- _Data shown_
● ● ●
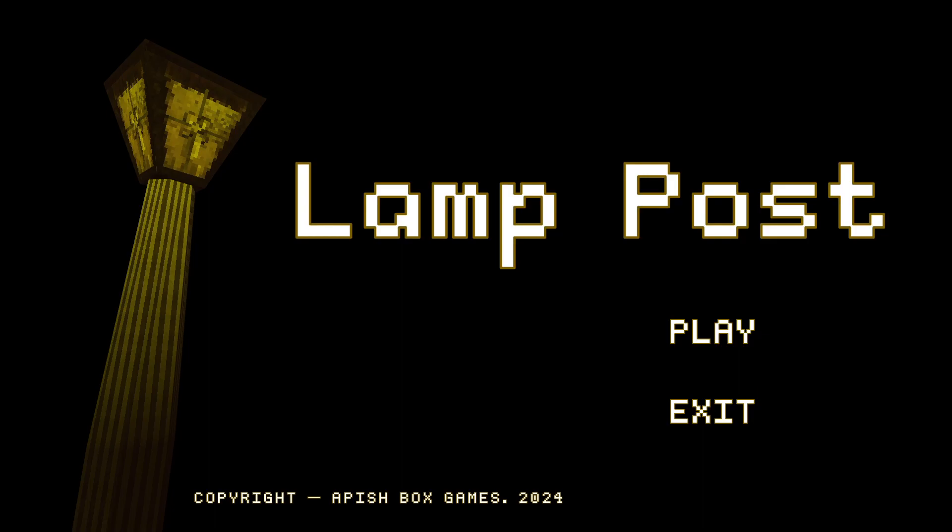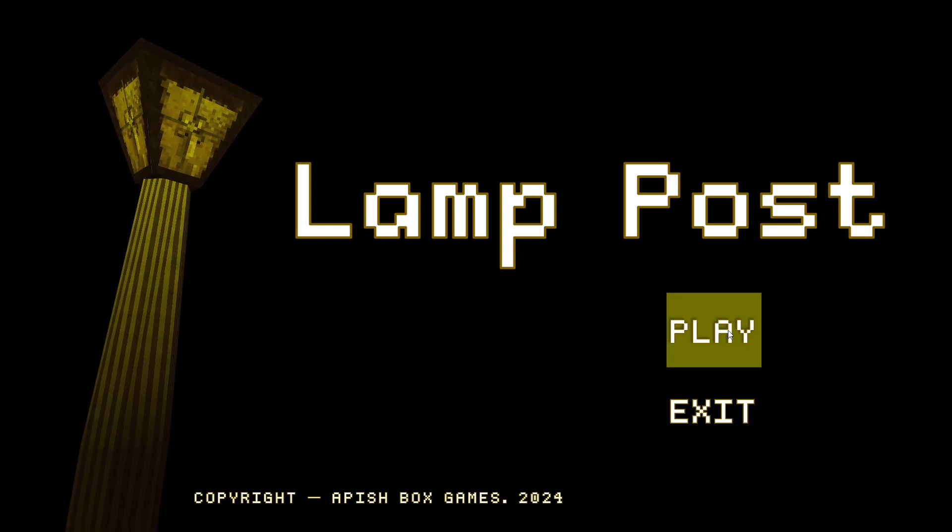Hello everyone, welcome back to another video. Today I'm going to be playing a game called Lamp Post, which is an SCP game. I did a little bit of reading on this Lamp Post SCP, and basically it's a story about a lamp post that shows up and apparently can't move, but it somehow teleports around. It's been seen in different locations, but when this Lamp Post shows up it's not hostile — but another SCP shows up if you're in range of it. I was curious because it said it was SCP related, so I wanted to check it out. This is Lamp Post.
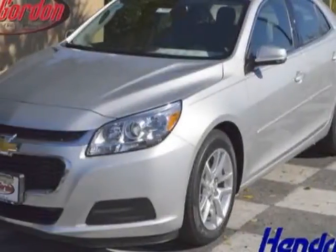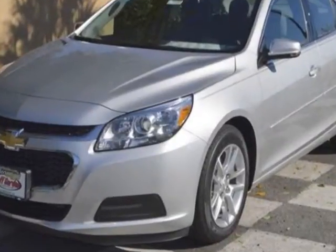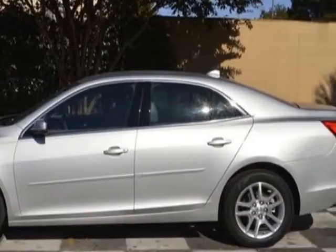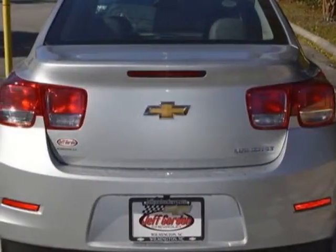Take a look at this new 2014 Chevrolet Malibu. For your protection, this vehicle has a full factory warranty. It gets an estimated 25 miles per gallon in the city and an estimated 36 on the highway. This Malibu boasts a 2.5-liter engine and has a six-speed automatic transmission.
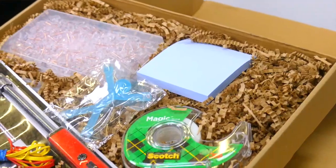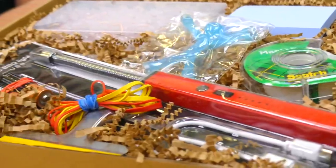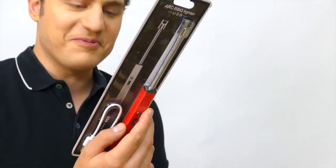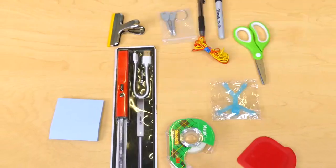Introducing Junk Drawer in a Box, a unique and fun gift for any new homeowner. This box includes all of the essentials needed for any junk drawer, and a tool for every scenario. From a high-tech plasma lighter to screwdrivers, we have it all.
● ● ●
When you retype the listing, keep every line exactly as it is and drop the pictures.

- _Written response_
Hello everyone, welcome back to another video. Today I'm going to be playing a game called Lamp Post, which is an SCP game. I did a little bit of reading on this Lamp Post SCP, and basically it's a story about a lamp post that shows up and apparently can't move, but it somehow teleports around. It's been seen in different locations, but when this Lamp Post shows up it's not hostile — but another SCP shows up if you're in range of it. I was curious because it said it was SCP related, so I wanted to check it out. This is Lamp Post.
Take a look at this new 2014 Chevrolet Malibu. For your protection, this vehicle has a full factory warranty. It gets an estimated 25 miles per gallon in the city and an estimated 36 on the highway. This Malibu boasts a 2.5-liter engine and has a six-speed automatic transmission.
Introducing Junk Drawer in a Box, a unique and fun gift for any new homeowner. This box includes all of the essentials needed for any junk drawer, and a tool for every scenario. From a high-tech plasma lighter to screwdrivers, we have it all.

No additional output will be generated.